7.1 Except as expressly provided to the contrary herein, each article, term, condition and provision of this Management Agreement shall be considered severable, and if, for any reason whatsoever, any such article, term, condition or provision herein is deemed to be invalid, illegal or incapable of being enforced as being contrary to, or in conflict with any existing or future law or regulation by any court or agency having valid jurisdiction, such shall not impair the operation or have any other effect upon such other articles, terms, conditions and provisions of this Management Agreement, and the latter shall continue to be given full force and effect by the parties hereto, and shall be construed as if such invalid, illegal or unenforceable article, term, condition or provision were omitted.

7.2 All captions, titles, headings and article numbers herein have been inserted and are intended solely for the convenience of the parties, and none such shall be construed or deemed to affect the meaning or construction of any provisions hereof, nor to limit the scope of the provision to which they refer.

7.3 All references herein to the masculine gender shall include the feminine and neuter genders, and all references herein to the singular shall include the plural, where applicable.

7.4 This Management Agreement constitutes the entire, full and complete Agreement between the Company and the Manager concerning the subject matter hereof, and shall supersede all prior agreements, no other representations having induced the Company to execute this Agreement.
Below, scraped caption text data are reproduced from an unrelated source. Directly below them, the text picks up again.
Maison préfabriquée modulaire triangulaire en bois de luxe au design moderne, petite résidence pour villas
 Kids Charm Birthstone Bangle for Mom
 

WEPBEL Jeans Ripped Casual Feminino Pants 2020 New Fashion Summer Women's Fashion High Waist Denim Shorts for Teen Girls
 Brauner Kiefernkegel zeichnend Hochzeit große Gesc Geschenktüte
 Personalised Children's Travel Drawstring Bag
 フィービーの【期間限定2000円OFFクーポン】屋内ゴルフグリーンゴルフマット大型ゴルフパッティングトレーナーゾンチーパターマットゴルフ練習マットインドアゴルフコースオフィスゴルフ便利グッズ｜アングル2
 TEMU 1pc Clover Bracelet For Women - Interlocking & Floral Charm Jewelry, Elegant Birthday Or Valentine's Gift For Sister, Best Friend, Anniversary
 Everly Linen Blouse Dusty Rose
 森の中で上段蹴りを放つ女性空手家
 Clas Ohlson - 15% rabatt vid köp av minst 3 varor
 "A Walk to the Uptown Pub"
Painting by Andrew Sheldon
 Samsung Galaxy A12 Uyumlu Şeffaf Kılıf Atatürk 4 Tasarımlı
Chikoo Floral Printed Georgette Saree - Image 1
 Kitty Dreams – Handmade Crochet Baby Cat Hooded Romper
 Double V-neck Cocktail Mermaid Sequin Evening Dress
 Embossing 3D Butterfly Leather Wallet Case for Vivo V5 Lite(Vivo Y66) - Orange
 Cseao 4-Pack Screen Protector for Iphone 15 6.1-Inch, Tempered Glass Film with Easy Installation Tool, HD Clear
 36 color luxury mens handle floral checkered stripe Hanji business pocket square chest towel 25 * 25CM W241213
No representation, inducement, promises or agreements, oral or otherwise, between the parties not included herein or attached hereto, unless of subsequent date, have been made by either party and none such shall be of any force or effect with reference to this Management Agreement or otherwise. No amendment, change or variance of this Management Agreement shall be binding upon either party, unless mutually agreed to by the parties and executed by them, or by their respective authorized employees, officers, or agents in writing.